University of Luxembourg and University of Strasbourg researchers collaborated to create algorithms to predict the deformation of the brain during surgery and give information pertaining to the current position of the targeted surgical area and its vulnerable areas.

Traditionally, surgeons have a limited view of the organ they are operating on and cannot see what is on the inside of the organ. medical images can be taken prior to the procedure, but the target and risky areas continuously change throughout the procedure. In the dark, surgeons have to rely on their prior experience with surgical instruments to do things like remove tumors without damaging healthy tissues and blood vessels.

Stéphane Bordas, a professor in computational mechanics at the faculty of science, technology and communication at the University of Luxembourg, and his research team use medical imaging data from MRIs to break down areas of the brain into subvolumes like Legos. Each Lego has a corresponding color to whatever material it represents from the brain – white, gray or fluid materials. Thousands of color-coded digital Legos interact with each other while they compute deformation of the brain during an operation. The more blocks there are, the more accurate the simulation will be. However, as the number of blocks increases, surgeons may be faced with a slower reaction time because more computing power is needed.

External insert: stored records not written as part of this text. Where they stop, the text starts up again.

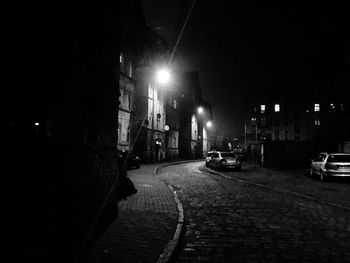 Street amidst illuminated buildings in city at night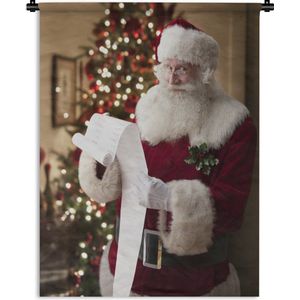 Wandkleed Kerst - De leeslijst van de kerstman met op de achtergrond een kerstboom Wandkleed katoen 120x160 cm - Wandtapijt met foto XXL / Groot formaat!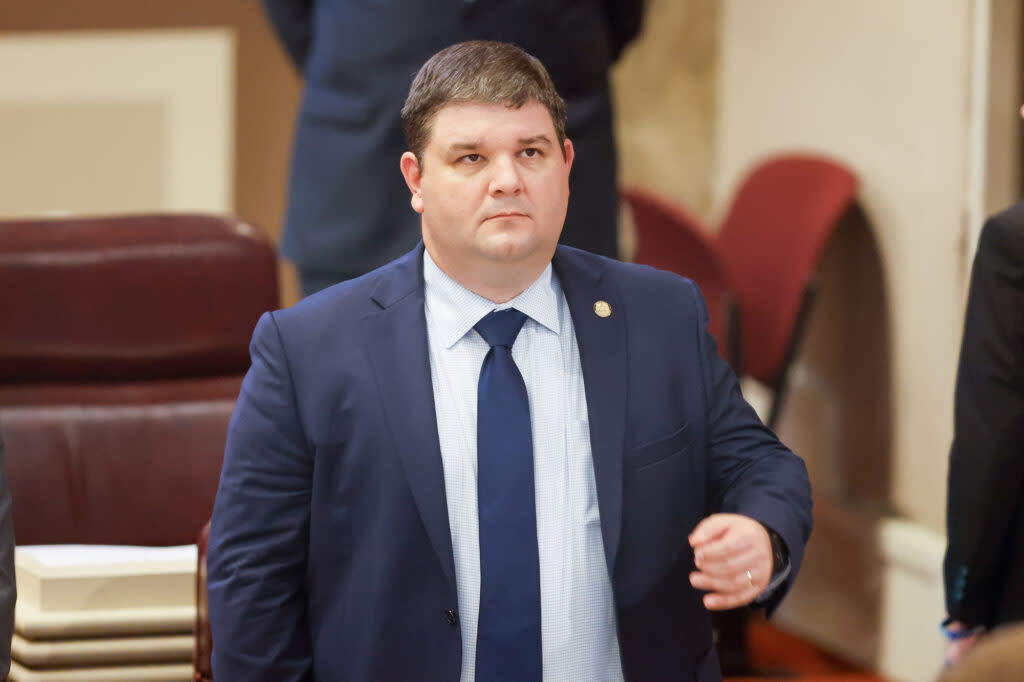 A man standing in the Alabama House chamber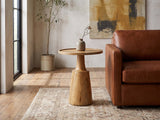 Montisi Natural Mango Pedestal Side Table beside a leather sofa in an industrial loft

The research is one of the first instances that allows accuracy and computational time to be controlled in a simulation.

“We developed a method that can save time and money to the user by telling them the minimum size these lego blocks should have to guarantee a given accuracy level. For instance, we can say with certainty: if you can accept a 10% error range, then your Lego blocks should be maximum 1 mm. If you are ok with 20%, you could use 5 mm elements,” said Bordas. “The method has two advantages: you have an estimation of the quality and you can focus the computational effort only on areas where it is needed, thus saving precious computational time.”

Bordas and his researchers hope to give surgeons a solution that can benefit them during operations by constantly updating the simulation model in real-time with data from a patient, though that may take some time, according to Bordas.

“We still need to develop robust methods to estimate the mechanical behavior of each Lego block representing the brain,” said Bordas. “We also must develop a user-friendly platform that surgeons can test and tell us if our tool is helpful.”

The research was published online in IEEE Transactions on Biomedical Engineering.